The agency contract should specify:
- A description of the power and authority of the commercial agent
- All the activities related to the agent’s functions
- The duration of the contract
- The particular area in which the agent develops his or her activity
- Pursuant to the Spanish Commercial Code, the agency agreement should be registered in the commercial register to be effective against third parties
In the agent’s professional activity, the commercial agent shall act in the interests of the company or companies whose he or she represents, generally performing the following functions:
- Inform the company about the situation in the target market:
- statistical and marketing on the solvency of third parties with whom exists operations pending conclusion or execution
- receive on behalf of the company of any type of third party claim on the promoted operations, even if they have not been concluded
- lead an independent accounting of the company on whose behalf the agent is working
- promote the company’s products
- develop his or her activity in accordance with the reasonable instructions received from the company, provided they do not affect the agent’s independence
- Negotiate sales transactions with customers
- Concluding commercial operations, leaving the company responsible
The licensing of the commercial agents is mandatory in some countries, such as Spain and France.
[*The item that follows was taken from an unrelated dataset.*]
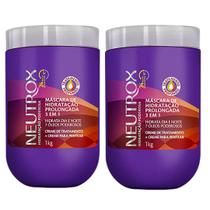 Creme Neutrox 24 Multibenefícios 3 em 1 1kg - 2 Unidades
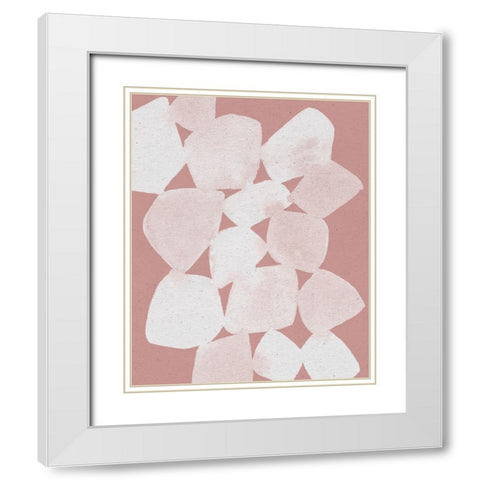 Boho Beautiful II Neutral White Modern Wood Framed Art Print with Double Matting by Hershey, Moira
In Spain, a commercial agent will not be able to practice his or her functions until he or she registers with the chartered institute of the province where he or she lives.
The registration in the professional association is mandatory for those who perform their functions in Spain, independent from their nationality, when acting on behalf of foreign companies, as well as Spanish nationals conducting business abroad on behalf of Spanish companies.
Royal Decree 330/1999 of 26 February 1999 establishes the professional certificate of occupancy of the commercial agent
The role of the commercial agent represents one of the most economical, rapid and effective formula when exporting a business into a new market, especially if the features and operation of the chosen market are unknown.